É esse bocadinho a mais que lhe permite humilhar adversários com toda a naturalidade e, por vezes, requintes de malvadez, como fez na jogada do terceiro golo frente à Croácia, transformando o magnífico Gvardiol num Orc desnorteado e duro de rins.
Golos e passes de morte, corridas, fintas, dribles, cruzamentos e passos de tango - uma forma técnica e física exuberante, aos 35 anos, a aparecer ao mundo quando o país e a equipa precisavam dele, sem se esconder, sem se escusar. Um gigante em corpo de minorca.
Como em “Aleph”, o conto de José Luis Borges, o Messi da literatura argentina, defrontamo-nos com um insolúvel paradoxo da condição humana, entre a imortalidade e a vulnerabilidade terrena, a identidade e o génio, a simplicidade e o sobrenatural, a aparência e a essência.
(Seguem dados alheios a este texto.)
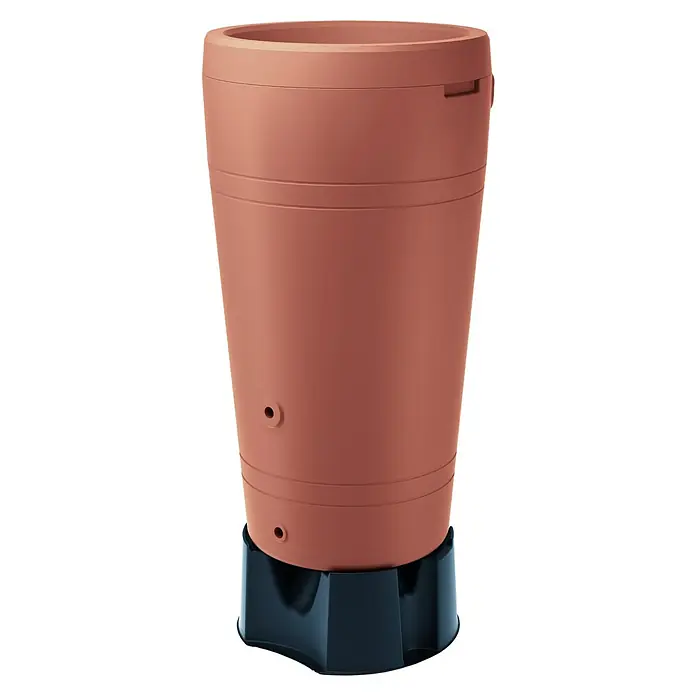 Regenspeicher Tube - 230 l, Terrakotta - Nahaufnahme einer Terrakotta-Regentonne auf einem schwarzen Sockel, ideal für die Gartenarbeit und Wassersammlung.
Como isto anda tudo ligado, até Borges recorreu à mitologia nórdica dos elfos e duendes para descrever “Zahir”, a filosofia islâmica sobre o que os nossos olhos têm de ver para crer:
“Algo que uma vez tocado ou visto, jamais é esquecido - e vai ocupando o nosso pensamento, até nos levar à loucura”, como o futebol de Lionel Messi, agora a apenas uma vitória de completar a trilogia Copa América, Jogos Olímpicos, Campeonato do Mundo.
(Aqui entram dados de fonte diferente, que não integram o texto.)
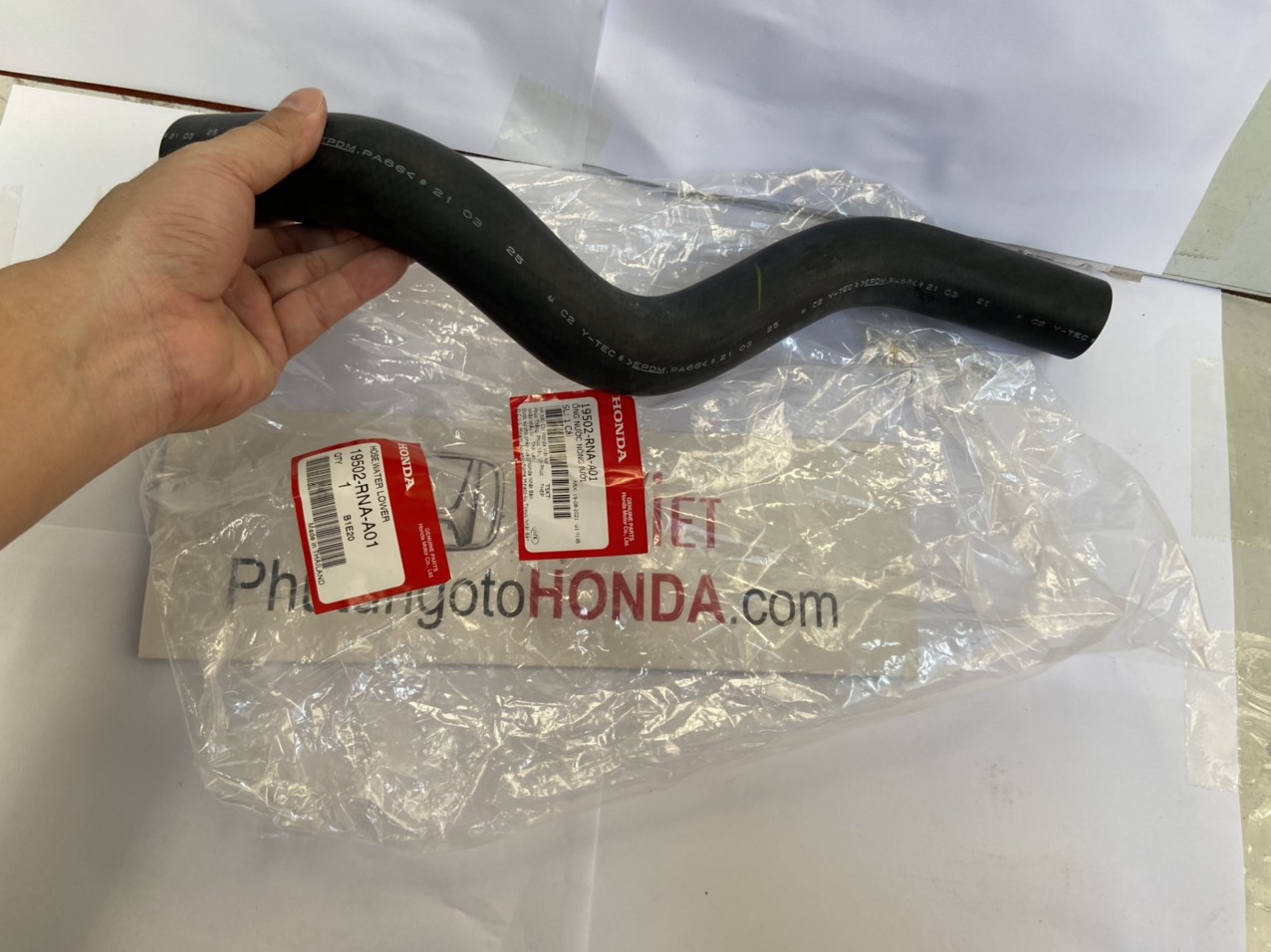 Ống két nước phía dưới xe Honda CIVIC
Com o auxílio de um treinador a sério, o mais jovem do Mundial, capaz de mudar peças, de trocar sistemas e de gerir génios sem dramas nem polémicas, ou de lançar jogadores jovens, semi-desconhecidos, em funções capitais, sem receio dos nomes, nem das antiguidades, nem dos egos.
A Argentina fora derrotada no jogo de abertura pela Arábia Saudita, mas absorveu o choque sem se desunir, sem se desfocar, sem duvidar, sem trocar o supremo objectivo por pequenas glórias transitórias de percurso, com a sabedoria e a experiência de quem sabe que os recordes vêm no fim de tudo, como uma “chocotorta” depois do “bife de chorizo” - e não o contrário.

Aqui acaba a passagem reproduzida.